Skip to content

Cache

How to use Cache

  • Cache is typically used as a decorator function @cache around functions or regular class methods
  • Cache works in code and in Python notebooks with %autoreload

How the Cache works

  • Cache tracks changes in the source code of the wrapped function
  • For performance reasons, it checks the code only one time unless the pointer to the function is changed, e.g. in notebooks

  • By default, it uses two levels of caching:

  • Memory level
  • Disk level

  • When a call is made to the wrapped function:

  • Firstly the Memory level is being checked
  • If there's no hit in the Memory, the Disk level is checked
  • If there's no hit in Disk level, the wrapped function is called
  • The result is then stored in both Disk and Memory levels

  • Cache is equipped with a get_last_cache_accessed() method to understand if the call hit the cache and on which level

Disk level

Memory level

  • Initially, the idea was to use functools.lru_cache for memory cache

  • Pros:

  • Standard library implementation

  • Quietly fast in-memory implementation

  • Cons:

  • Only hashable arguments are supported

  • No access to cache, it's not possible to check if an item is in cache or not
  • It does not work properly in notebooks

  • Because Cons outweighed Pros, we decided to implement Memory level as joblib.Memory over tmpfs

  • In this way we reuse the same code for Disk level cache but over a RAM-based disk
  • This implementation overcomes the Cons listed above, although it is slightly slower than the pure functools.lru_cache approach

Global cache

  • By default, all cached functions save their cached values in the default global cache
  • The cache is "global" in the sense that:
  • It is unique per-user and per Git client
  • It serves all the functions of a Git client
  • The cached data stored in a folder $GIT_ROOT/tmp.cache.{mem,disk}.[tag]
  • This global cache is being managed via global functions named *_global_cache, e.g., set_global_cache()

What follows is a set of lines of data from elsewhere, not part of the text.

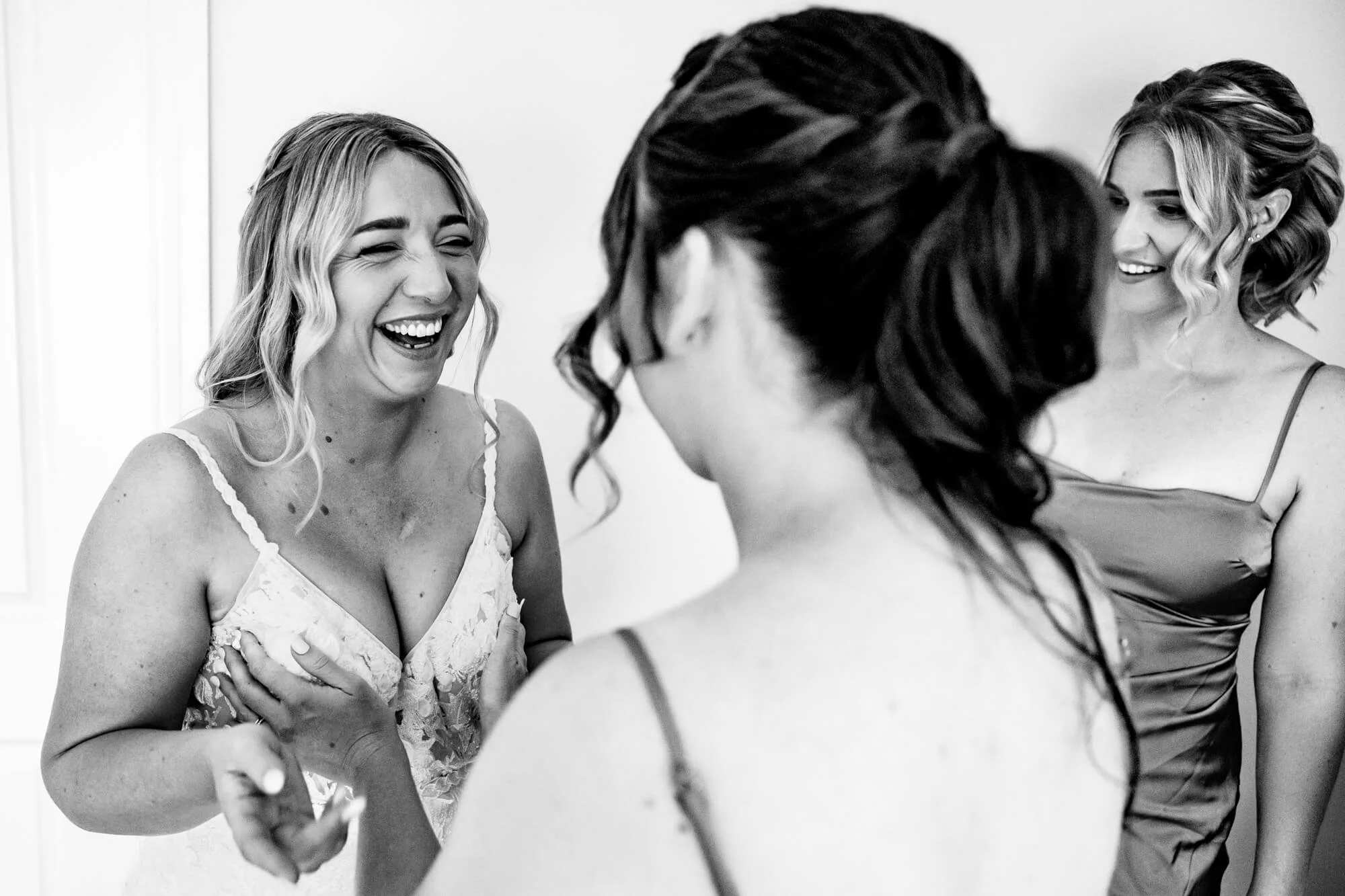 Bride and bridesmaid laughing and touching boobs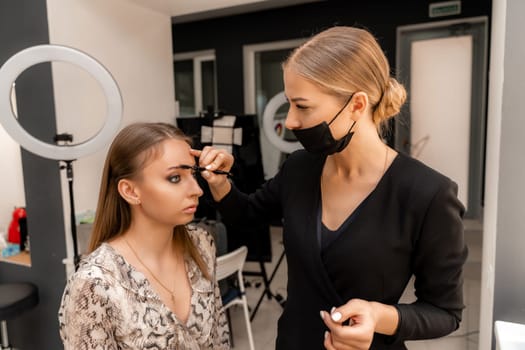 Make-up artist paints eyebrow pencil to beautiful brunette in be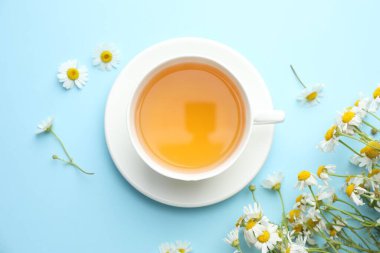 Lezzetli papatya çayı ve çiçekler açık mavi arka planda, düz yerde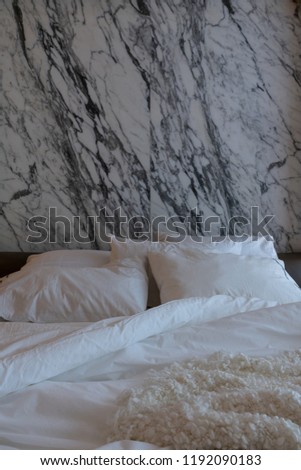 Cozy Bedroom scene with comfortable pillows and white wool blanket with natural white marble on the background / cozy interior concept / luxury design / interior design decoration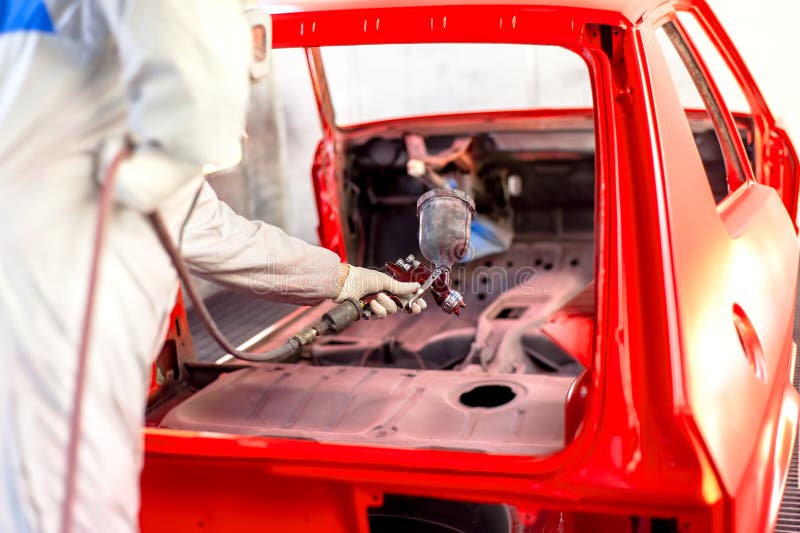 Worker Painting a Red Car in Painting Booth Using Spray Gun Stock Image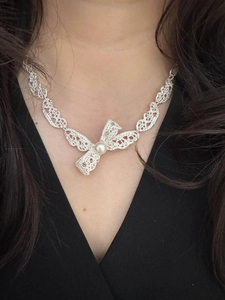 Détail du collier noeud argenté avec pendentif perle et texture dentelle sur peau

  • TODO(gp): maybe a better name is

  • Global -> local_cache, client_cache
  • Function_specific -> global or shared

Tagged global cache

  • A global cache can be specific of different applications (e.g., for unit tests vs normal code)
  • It is controlled through the tag parameter
  • The global cache corresponds to tag = None

Function-specific cache

  • It is possible to create function-specific caches, e.g., to share the result of a function across clients and users
  • In this case the client needs to set disk_cache_directory and / or mem_cache_directory parameters in the decorator or in the Cached class constructor
  • If cache is set for the function, it can be managed with .set_cache_directory(), .get_cache_directory(), .destroy_cache() and .clear_function_cache() methods.